После раскола пути Церквей окончательно разошлись. В греко-православии theologia осталась именно тем, что предполагает буквальное значение понятия «богословие», и ограничилась созерцанием Бога в мистических по сути своей доктринах Троицы и Вочеловечения. «Теологию благодати» или «теологию святого семейства» восточные христиане воспринимали как противоречие уже на понятийном уровне; их вообще мало занимали богословские споры и точные определения второстепенных деталей. На Западе, однако, все больше интересовались именно этими проблемами и стремились составить обязательное для всех «правильное» мнение.

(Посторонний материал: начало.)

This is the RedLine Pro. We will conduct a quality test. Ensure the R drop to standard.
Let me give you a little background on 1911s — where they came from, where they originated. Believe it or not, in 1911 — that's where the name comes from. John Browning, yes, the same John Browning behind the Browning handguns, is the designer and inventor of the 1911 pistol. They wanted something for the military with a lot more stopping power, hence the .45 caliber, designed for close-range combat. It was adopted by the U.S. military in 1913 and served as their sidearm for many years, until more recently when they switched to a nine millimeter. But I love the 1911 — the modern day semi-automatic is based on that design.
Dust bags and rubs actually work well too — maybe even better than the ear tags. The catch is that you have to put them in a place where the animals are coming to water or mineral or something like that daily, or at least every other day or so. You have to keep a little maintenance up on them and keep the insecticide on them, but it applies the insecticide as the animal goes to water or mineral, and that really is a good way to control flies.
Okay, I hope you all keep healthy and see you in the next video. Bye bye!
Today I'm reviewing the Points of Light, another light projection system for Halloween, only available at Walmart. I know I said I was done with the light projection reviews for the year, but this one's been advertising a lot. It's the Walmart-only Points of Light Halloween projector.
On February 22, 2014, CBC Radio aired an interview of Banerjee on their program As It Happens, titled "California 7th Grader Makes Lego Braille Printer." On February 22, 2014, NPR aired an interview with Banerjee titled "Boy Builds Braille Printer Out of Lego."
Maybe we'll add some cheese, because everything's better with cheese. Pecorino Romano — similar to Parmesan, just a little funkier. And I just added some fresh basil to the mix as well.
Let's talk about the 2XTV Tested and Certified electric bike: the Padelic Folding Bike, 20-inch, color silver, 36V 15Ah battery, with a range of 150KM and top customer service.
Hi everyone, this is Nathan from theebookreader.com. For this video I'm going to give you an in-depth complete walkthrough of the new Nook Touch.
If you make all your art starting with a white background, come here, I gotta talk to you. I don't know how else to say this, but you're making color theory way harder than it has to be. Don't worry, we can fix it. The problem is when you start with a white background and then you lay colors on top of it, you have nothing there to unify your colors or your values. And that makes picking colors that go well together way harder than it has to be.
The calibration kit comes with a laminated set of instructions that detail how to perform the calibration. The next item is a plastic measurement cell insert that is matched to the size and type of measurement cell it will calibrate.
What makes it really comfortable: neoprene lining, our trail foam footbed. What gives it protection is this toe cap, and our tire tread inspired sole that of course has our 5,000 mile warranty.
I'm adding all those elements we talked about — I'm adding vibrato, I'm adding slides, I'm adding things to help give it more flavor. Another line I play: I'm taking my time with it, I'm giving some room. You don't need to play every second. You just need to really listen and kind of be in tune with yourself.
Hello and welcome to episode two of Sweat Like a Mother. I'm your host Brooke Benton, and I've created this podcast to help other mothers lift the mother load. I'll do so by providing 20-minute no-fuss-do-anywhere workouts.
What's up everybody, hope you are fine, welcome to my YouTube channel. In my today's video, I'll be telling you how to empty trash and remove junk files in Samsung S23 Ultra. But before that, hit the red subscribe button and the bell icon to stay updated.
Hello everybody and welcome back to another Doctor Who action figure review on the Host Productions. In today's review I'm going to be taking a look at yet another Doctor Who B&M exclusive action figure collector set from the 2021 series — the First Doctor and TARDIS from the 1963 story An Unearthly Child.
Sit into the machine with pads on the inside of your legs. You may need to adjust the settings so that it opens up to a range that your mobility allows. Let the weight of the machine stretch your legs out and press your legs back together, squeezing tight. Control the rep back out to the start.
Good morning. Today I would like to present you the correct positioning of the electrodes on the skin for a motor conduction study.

Эпоха Реформации, в частности, расколола западный христианский мир на новые противоборствующие лагеря: католики и протестанты никак не могли добиться согласия в толкованиях того, как именно происходит спасение и что, собственно, представляет собой евхаристия. Западные христиане то и дело предлагали восточным высказать свое мнение по этим спорным вопросам, но греки обычно отмалчивались, а если и откликались, то их ответы нередко казались Западу нелепыми. Восточные христиане издавна не доверяли рационализму, считая его совершенно неподходящим средством для рассуждений о Боге, который ускользает от любых концепций и логических выводов. В ученых изысканиях метафизика была еще приемлема, но греки все чаще видели в ней угрозу для веры. Метафизика привлекала суетную, говорливую сторону ума, тогда как теория представляла собой не рассудочные мнения, а истинное безмолвие перед лицом Бога, открывающегося только в религиозных и мистических переживаниях. В 1082 году философа и гуманиста Иоанна Итала судили за ересь, обвинив в чрезмерной склонности к философии, которую выдавали его неоплатонические представления о сотворении мира. Этот знаменательный разрыв с философией произошел незадолго до того, как ал-Газали перенес в Багдаде душевный срыв, отрекся от калама и стал суфием.